I don't know if this is the right thing for this thread, but hopefully it is an interesting synopsis of one journey anyway. The main thread throughout my beginning stages which was (despite the lack of sleep and long hours) pretty natural and easy, was that I was having fun. With everything. I loved studies, I loved painting from imagination, I just loved the whole thing. Then once I got a bit better and started seeing great improvement (almost daily in some cases) it got even better. The grind started happening after my 3 month attempt at folio building full time. It was a disaster. Granted I got sick which wasted over a third of the time but I found that this loss of "time" made me so stressed coming back that I was never back to my momentum at the beginning. It made me make a huge mistake.

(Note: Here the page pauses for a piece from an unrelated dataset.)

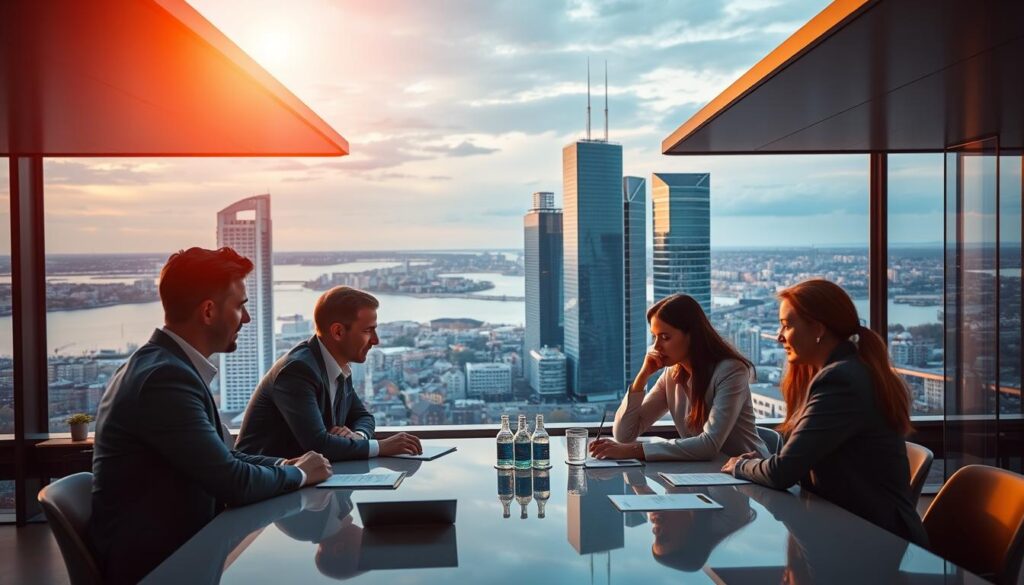 A vibrant scene of successful wealth management in Estonia, set against the backdrop of a modern city skyline. In the foreground, a group of well-dressed professionals gathered around a table, deep in discussion, reflecting the thriving local financial industry. The middle ground showcases gleaming high-rise buildings, symbolizing the economic prosperity. The background features a picturesque Baltic coastline, hinting at the idyllic natural environment. Warm lighting casts a soft, inviting glow, creating an atmosphere of optimism and progress. The composition emphasizes the harmonious blend of business, technology, and natural beauty, capturing the essence of Estonia's flourishing wealth management sector.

I truly believe that we all have to excise the idea of time being a factor in our minds, or that we need to give it such close attention in our artistic development.
At first I used to count hours to hit 10,000. At 3,000 I gave up on that notion. I mean really who gives a shit how many hours you've done? No one will ask you. The only person that can even guess at that is you. If you spend 10,000,000 hours and you're still shit, well then what?

No. Just. No.

Repeat after me: "I have all the time in the world". Now say it to yourself every day, and every time you feel that stupid time pressure. If you don't have time....well then make some time. We are all way less efficient that we can be, so don't be lazy get efficient. If your mum is close at hand, ask her how she managed raising kids. Believe me she learned to be more efficient raising your ass than you will ever become doing art.

The only thing that matters is that you must enjoy what you are doing, study or freelance, studio job or personal project. It must all be done in enjoyment to get the real benefit of being a creator.
Everything else, all the desire, the dream of 'making it' the ridiculous pressure we put ourselves under.
This. must. die.
We must kill it.
Banish it.
Because once we do, we will be free to be the artist we are right NOW.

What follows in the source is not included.